As a lead-in to a fourth season, “Blond Ambition” has the latter in spades, spinning out a bunch of different possibilities for where the show can go. And hey, it got through Monrosalee’s wedding ceremony before everything went to hell, so there’s nothing left hanging in that regard. But I’d be lying if I didn’t say that I’m bothered by the way Grimm consistently overcomplicates the amount of unfinished story by introducing more elements that it can conceivably resolve at a time. This finale is a perfect example of that, even while Silas Weir Mitchell makes me laugh and Toboni continues to make a case for inclusion as a series regular.

Stray observations:

  • Bud the Eisbiber returns! He has a great moment of comic relief as Nick and Juliette showed up to the wedding, but otherwise he’s been absent for basically the whole season. More Bud in season four!
  • I guess it’s a good thing that Nick and Trubel moved the Magic Airstream, but didn’t it seem a bit out in the open in the middle of the woods? It’s secluded, but they really need a better spot for that thing, or to build something with better security so that things like the one guy on the force who went insane after seeing a terrifying Wesen finding the Grimm history books doesn’t happen.
  • Having said that, more power to the police officer who notes offhand to Sgt. Wu that an inordinate amount of weird things happen at Nick Burkhardt’s house. The guy is not the laying-low kind of detective, except when it comes to Adalind in disguise. Hiyoooo!

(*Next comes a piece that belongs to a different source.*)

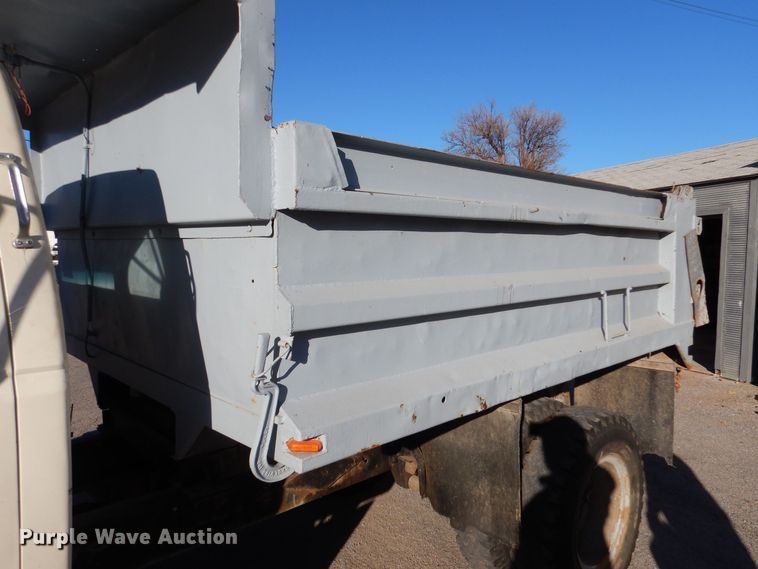 image for item MT9828 Ford  dump truck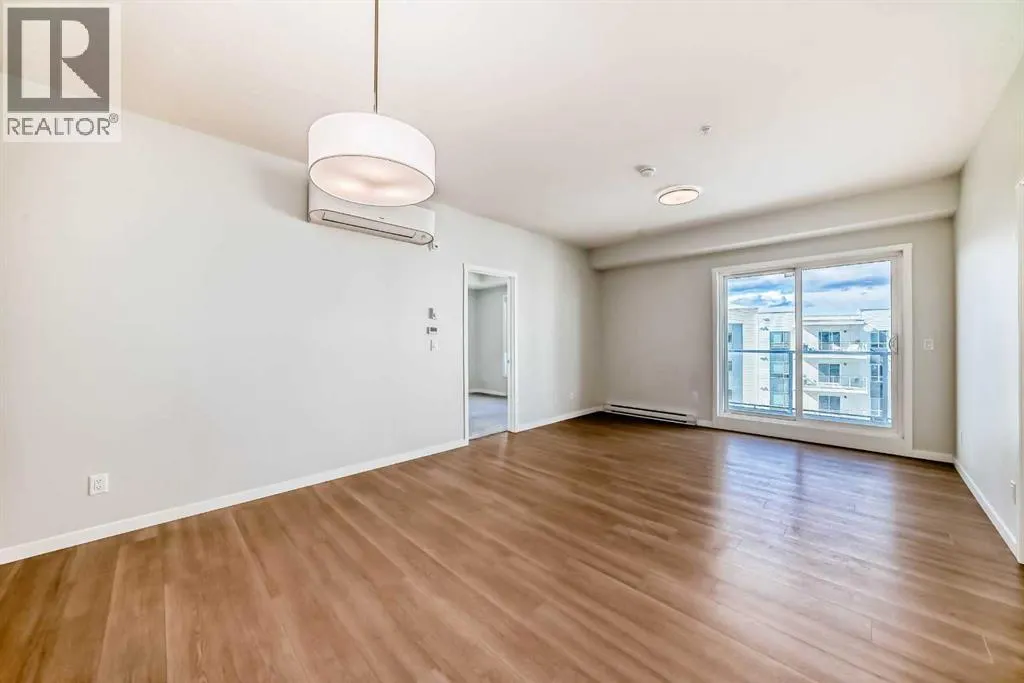 1403, 220 Seton Grove SE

  • That’s all for Grimm this season. Next fall NBC pairs the show with newcomer Constantine, which looks more promising that Grimm’s pilot did three years ago, and at the very least looks somewhat better than the Keanu Reeves film version of the comics series. In any case, there will be at least one more year with these New Scoobies, and if the show can continue grasping onto the numbers it pulls in on Friday nights, it could be there even longer. Thanks for being here on an off-night throughout the season and commenting the next morning.